Andrzej Zybertowicz (dzięki decyzji Centralnej Komisji ds. Stopni i Tytułów szczęśliwie można nie tytułować go profesorem) wyznał na antenie radia TOK FM, jakim to wstrząsem było dla niego „zobaczenie, że ok. 50 proc. rodaków głosowało na kandydata, w którego sztabie nikt nie uznał za stosowne pojawienia się z [biało-czerwoną] flagą” podczas wieczoru wyborczego.
Czytaj też: Najpierw wyznanie win. O zaproszeniu dla Trzaskowskiego
Czas na zakopanie rowów?
Jeden z nomen omen flagowych doradców prezydenta Andrzeja Dudy ogłosił to kilka godzin po tym, jak jego pryncypał fetujący w amfiteatrze w Pułtusku sukces w niedzielnym głosowaniu (z właściwym sobie zadufaniem jeszcze przed ogłoszeniem oficjalnych wyników) zadeklarował chęć zakopania rowów. Przeprosił mianowicie wszystkich, którzy poczuli się urażeni jego słowami i działaniami „nie tylko w kampanii, ale i przez całe ostatnie pięć lat”. Zapewnił na dodatek, że darzy szacunkiem „wszystkich rodaków niezależnie od ich poglądów”. Ba, zaprosił samego Rafała Trzaskowskiego do nocnej wizyty w Pałacu Prezydenckim i podania sobie rąk.

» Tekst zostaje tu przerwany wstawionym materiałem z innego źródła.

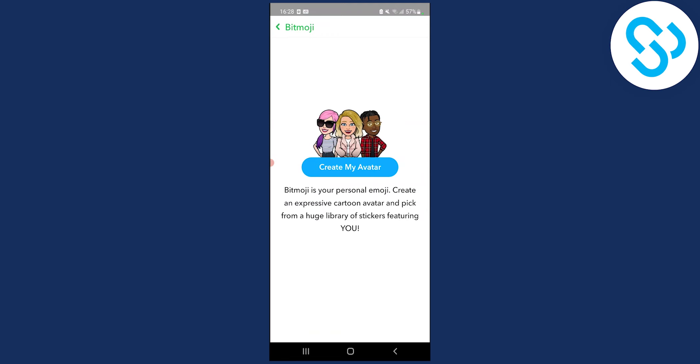This is the only way how you can do that. As you can see for me it says create my avatar, but here you will actually be able to change your Snapchat Bitmoji, which is awesome.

Także niektórzy politycy Zjednoczonej Prawicy deklarowali, że po kampanii czas na ostudzenie rozbudzonych emocji, a gest zaproszenia do rozmów uznali za „dobry prognostyk na przyszłość”. Niektórzy komentatorzy za rewolucyjny przełom uznali też słowa prezydenckiej córki, która zaapelowała, by „nikt w naszym kraju nie bał się wyjść z domu” (sic!), a następnie wymieniła kilka przykładowych powodów, z którymi może dziś wiązać się zagrożenie na ulicy: inna wiara, kolor skóry, sympatie polityczne.